Extrinsic factors are important when assessing cancer risk[48]. Stem cell division is related to cancer development, emphasizing the importance of understanding the molecular pathways involved in stem cell maintenance, gastric cancer and cell proliferation[48]. Ginsenoside Rh2, which inhibits growth of some types of cancer, decreases the number of CSC-like cells in hepatocellular carcinoma, possibly through β-catenin signaling[49]. Furthermore, the CSC markers CD133 and Epithelial cell adhesion molecule (EpCAM) are decreased by ginsenoside Rh2[49]. It is suggested that high levels of β-catenin are a signature of CSC-like cells[49]. Wnt/β-catenin signaling leads to the translocation of β-catenin into nucleus and the transcription of c-Myc, Axin2 and Brachyury[50]. Axin is stabilized with GSK3β and inhibits β-catenin signaling[50]. The proliferation of CSCs may also be regulated by Wnt/β-catenin signaling[50]. The periprostatic adipose tissue-derived adipocytes regulate migration of prostate cancer cells[51]. The chemokine CCL7 secretion of adipocytes stimulates the migration of CCR3-expressing prostate tumor cells[51]. This signaling that is mediated by chemokines in CSCs could be a future target for investigation.

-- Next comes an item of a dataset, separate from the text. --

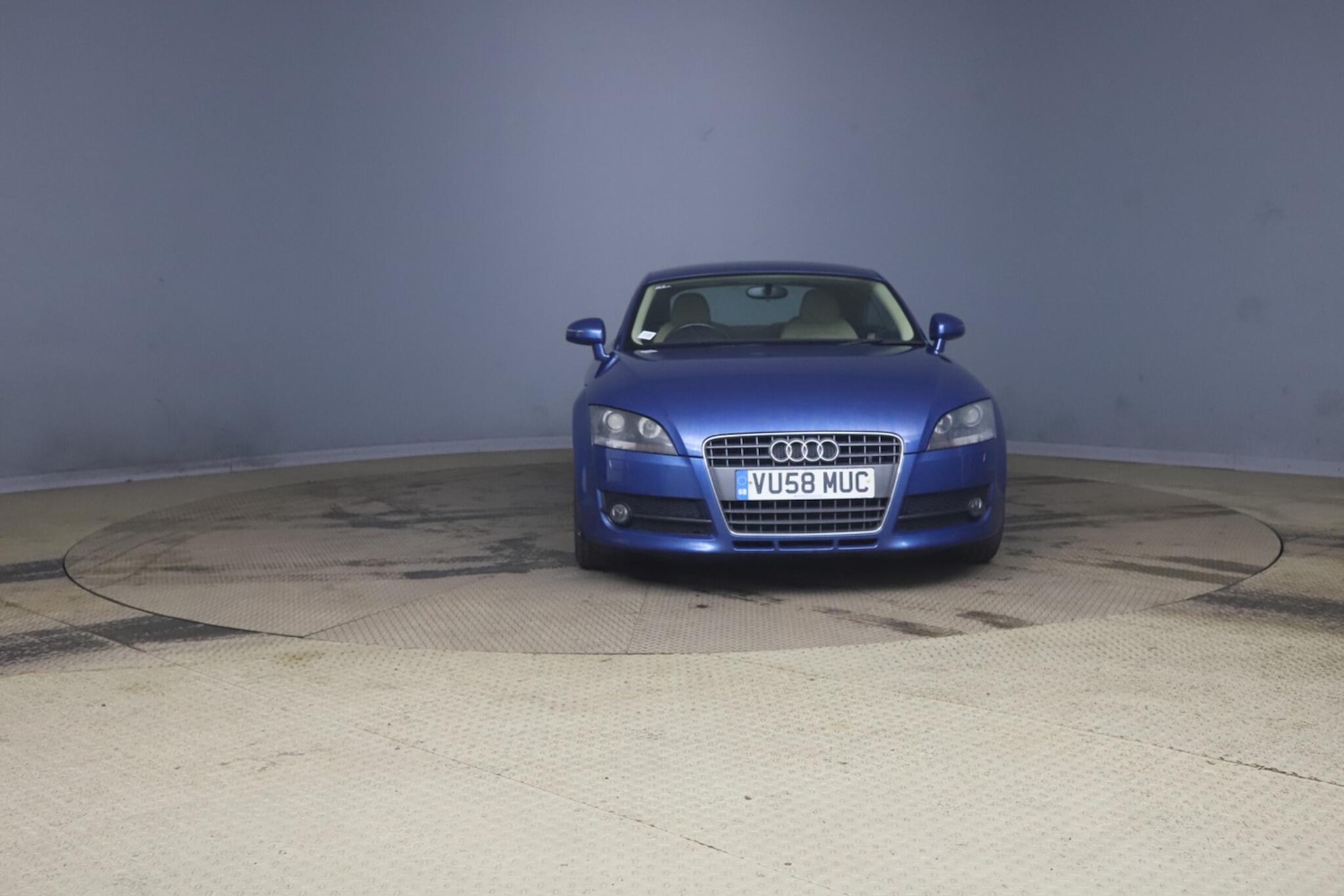 Used Audi TT 2008 for sale - 77358349: Photo 2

MUTATIONS IN CTNNB1-RELATED SIGNALING AND CANCER

Mutations of SMAD family member 4 (Dpc4 or Smad4) and Apc in mice cause malignant intestinal tumors and stromal cell proliferation[52]. The DPC4 (SMAD4) gene is important for the TGFβ signaling pathway, which inhibits normal cell growth and promotes malignant cell growth[52]. APC mutations in papillary thyroid carcinoma are associated with familial adenomatous polyposis[53]. Through binding to 20-amino acid repeats, the APC/β-catenin signaling pathway is related to the development of thyroid cancer in patients with familial adenomatous polyposis[53]. Mutations in AXIN2 cause colorectal cancer, in which the mutations stabilize β-catenin and activate β-catenin/TCF signaling[54]. The AXIN2 mutations result in accumulated nuclear β-catenin[54]. CTNNB1 and APC mutations also occur in colorectal cancer with defective DNA mismatch repair[54]. For the treatment of cancer, identifying novel genome-wide therapeutic targets is essential, which suggests the importance of mutational studies in the cancer genome[55]. Main WNT/β-catenin pathway involved in cancer and stem cells is shown in cartoon (Figure 1). The network information source is mainly from Kyoto Encyclopedia of Genes and Genomes (KEGG) (http://www.genome.jp/kegg/).

Figure 1 Main WNT/β-catenin pathway involved in cancer and stem cells. Wnt inhibits CTNNB1 phosphorylation by GSK3B, which leads to the transcription of pro-proliferation related genes via binding of CTNNB1 to TCF or LEF. P indicates phosphate. Red color shows molecules in pathways in cancer, whereas blue color shows molecules in signaling pathways regulating pluripotency of stem cells (KEGG). DVL: Dishevelled; TCF: T cell transcription factor; APC: Adenomatous polyposis coli.

CONCLUSION

Our knowledge is increasing due to recent advances in bioinformatics and computational capacity. How to efficiently utilize this new data and knowledge is an important issue for future development of the big data era. The WNT/β-catenin pathway is involved in cancer and pluripotent stem cell signaling, which may suggest the mechanism underlying cancer stem cells. As cancer therapeutics has different effects in different genomic condition, individual medicine may be predicted with genetic variants. One useful direction for the use of genomic information may be the identification of targets for the treatment of diseases with appropriate predictions.